AI Article Synopsis

  • The review evaluates when cervical cancer screening should start and stop, highlighting that screening may not be useful for women under 20 due to low detection rates and many false positives.
  • It discusses the adverse effects of treatments for cervical lesions and that many early-stage HPV infections can resolve on their own, suggesting screening in younger women may actually do more harm.
  • For women aged 65 and older, the evidence shows that those who’ve been adequately screened may not need further screenings, and efforts should focus on those who haven't been screened properly.

Article Abstract

Despite the success of cervical cancer screening programs, questions remain about the appropriate time to begin and end screening. This review explores epidemiologic and contextual data on cervical cancer screening to inform decisions about when screening should begin and end. Cervical cancer is rare among women younger than 20 years. Screening for cervical cancer in this age group is complicated by lower rates of detection and higher rates of false-positive results than in older women. Methods used to diagnose and treat cervical intraepithelial neoplasia have important potential adverse effects. High-risk human papillomavirus infections and abnormalities on cytologic and histologic examination have relatively high rates of regression. Accordingly, cervical cancer screening in women younger than 20 years may be harmful.

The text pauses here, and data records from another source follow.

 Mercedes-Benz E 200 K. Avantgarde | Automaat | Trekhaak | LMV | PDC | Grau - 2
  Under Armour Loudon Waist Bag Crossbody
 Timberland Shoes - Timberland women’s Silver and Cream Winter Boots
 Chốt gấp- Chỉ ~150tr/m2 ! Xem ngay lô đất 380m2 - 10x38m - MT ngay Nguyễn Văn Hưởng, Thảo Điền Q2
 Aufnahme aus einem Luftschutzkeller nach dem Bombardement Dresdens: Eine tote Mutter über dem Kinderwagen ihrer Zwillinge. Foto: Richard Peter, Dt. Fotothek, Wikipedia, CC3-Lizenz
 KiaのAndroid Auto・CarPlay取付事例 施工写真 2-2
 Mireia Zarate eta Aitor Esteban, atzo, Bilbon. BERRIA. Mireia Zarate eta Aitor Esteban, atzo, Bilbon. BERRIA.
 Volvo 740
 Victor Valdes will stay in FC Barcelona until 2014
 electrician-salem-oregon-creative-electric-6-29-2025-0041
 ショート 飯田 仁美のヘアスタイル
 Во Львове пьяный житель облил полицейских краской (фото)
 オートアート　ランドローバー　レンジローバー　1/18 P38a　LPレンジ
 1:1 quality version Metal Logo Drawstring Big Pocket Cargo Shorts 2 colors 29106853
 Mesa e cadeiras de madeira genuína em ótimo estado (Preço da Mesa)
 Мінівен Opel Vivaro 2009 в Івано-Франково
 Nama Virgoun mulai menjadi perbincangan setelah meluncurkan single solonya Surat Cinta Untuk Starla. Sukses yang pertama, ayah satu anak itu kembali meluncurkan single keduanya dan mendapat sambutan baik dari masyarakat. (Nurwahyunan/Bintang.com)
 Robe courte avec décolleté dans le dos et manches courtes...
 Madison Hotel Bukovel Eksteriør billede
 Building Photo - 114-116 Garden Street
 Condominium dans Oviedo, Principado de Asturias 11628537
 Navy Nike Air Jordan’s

The incidence of, and mortality rates from, cervical cancer and the proportion of U.S. women aged 65 years or older who have had a Papanicolaou smear within 3 years have decreased since 2000. Available evidence supports discontinuation of cervical cancer screening among women aged 65 years or older who have had adequate screening and are not otherwise at high risk. Further reductions in the burden of cervical cancer in older women are probably best achieved by focusing on screening those who have not been adequately screened.